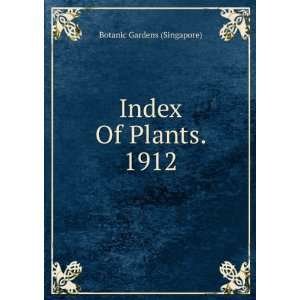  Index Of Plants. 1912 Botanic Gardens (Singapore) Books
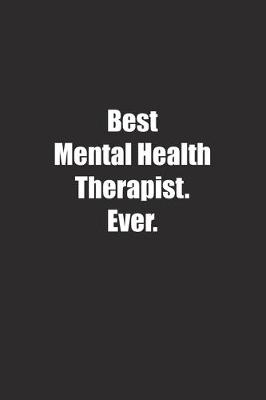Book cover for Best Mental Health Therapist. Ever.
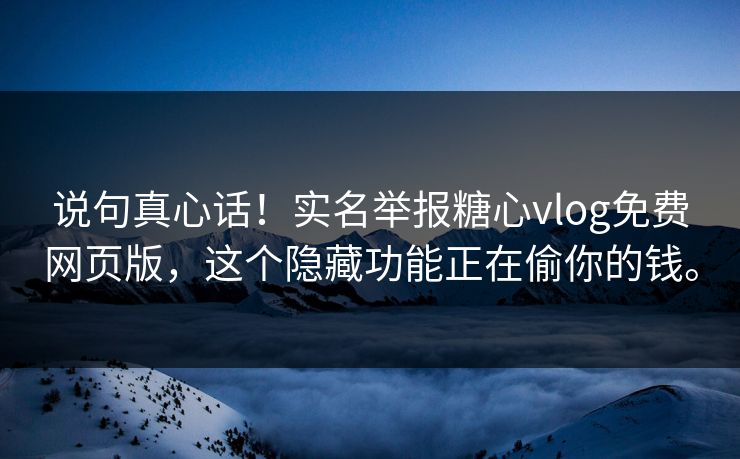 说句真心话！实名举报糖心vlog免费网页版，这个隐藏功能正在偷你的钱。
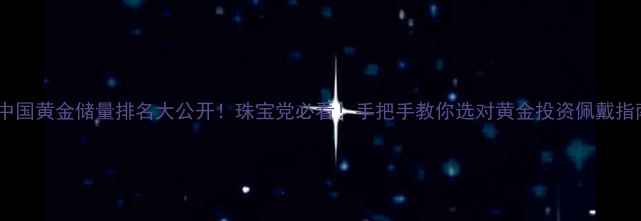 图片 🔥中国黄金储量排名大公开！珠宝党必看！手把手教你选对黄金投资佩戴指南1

•••••

Word-for-word restatement: every line from the one with "Book cover for" through the final line of the data, both ends included, pictures excluded.

Book cover for Best Mental Health Therapist. Ever.
 说句真心话！实名举报糖心vlog免费网页版，这个隐藏功能正在偷你的钱。
 图片 🔥中国黄金储量排名大公开！珠宝党必看！手把手教你选对黄金投资佩戴指南1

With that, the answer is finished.